IMPROPER JURY CHARGE RULING UNWINDS TAKE-NOTHING JUDGMENT FOR INSURED – NEW TRIAL GRANTED
In a relatively straightforward case, last Thursday the Texas Court of Appeals for Dallas emphasized how crucial it is to submit correct jury charges to juries. The Texas Court of Appeals in Dallas remanded the case for trial. In Cobb. v. Hansen, 2022 WL 3499998 (Tex.App. – Dallas, August 18, 2022), Cobb sustain injuries at his friends, the Hansens’ house when their gas pizza oven exploded while he was trying to light it given their directions. He sued them for premises liability and general negligence, characterizing it as negligent activity for how they directed him to light the pizza oven. At the trial however, over Cobb’s objection, the court refused to submit a general negligence charge to the jury, only allowing a premises liability questions to be presented to the jury. The jury found the friends not negligent on premises liability questions, and Cobb was given a take-nothing judgment, which he appealed.

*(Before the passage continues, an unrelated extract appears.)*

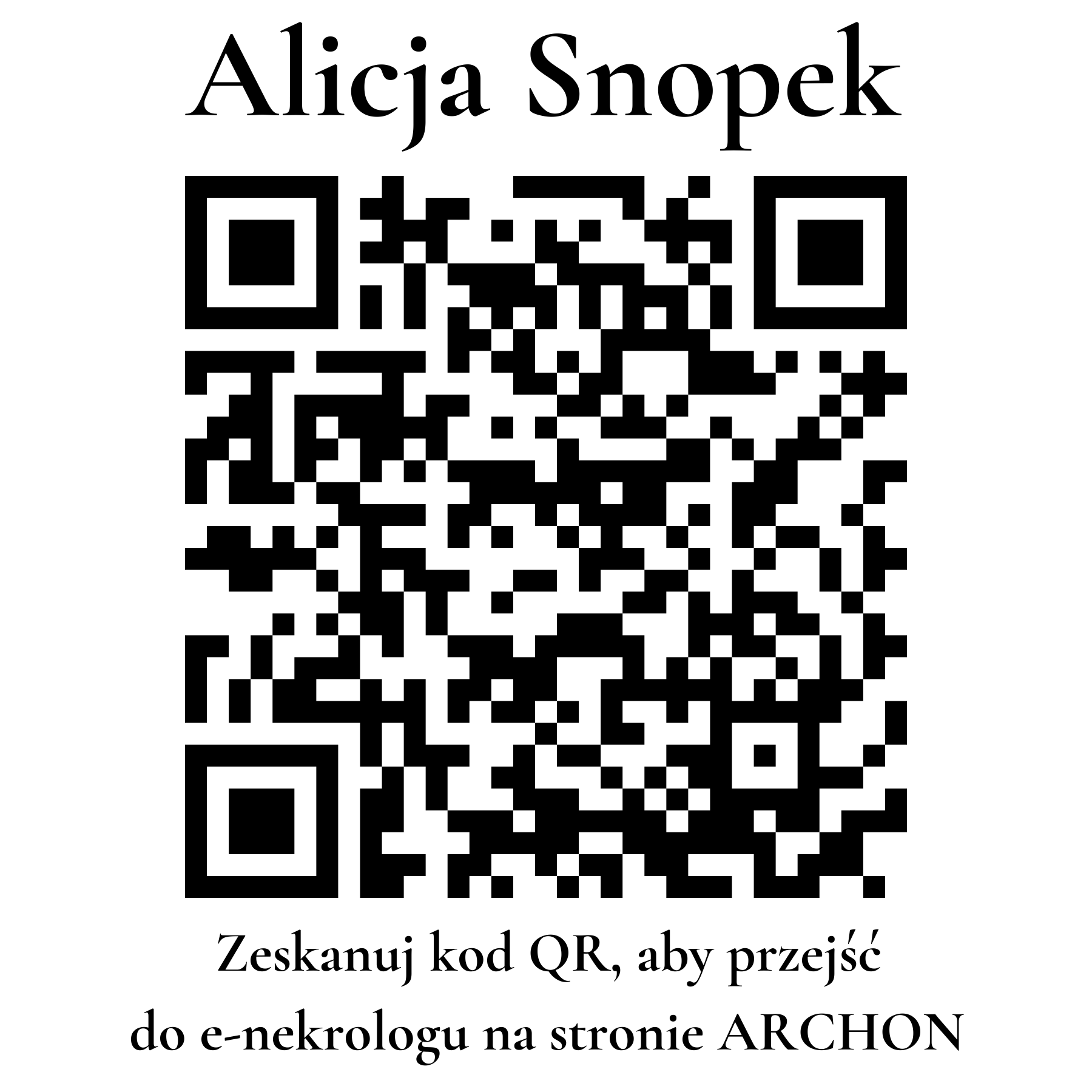 Kod QR do nekrologu Alicja Snopek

The Hansens’ victory was short-lived. The Dallas Court of Appeals held that this was a case in which the matter was timely raised and properly requested, so Rule 278 of the Texas Rules of Civil Procedure required the trial court to submit questions, instructions, and definitions that are raised by the pleadings and supported by evidence to the jury. It thus found reversible error and remanded the case for a new trial.
Editor’s Note: This case demonstrates the importance of not only convincing the judge or jury, but to also apply the law correctly in submitting the jury charge. MDJW often deploys one of its three Board Certified Appellate Lawyers to charge conferences to help ensure a proper charge is submitted or related error is preserved.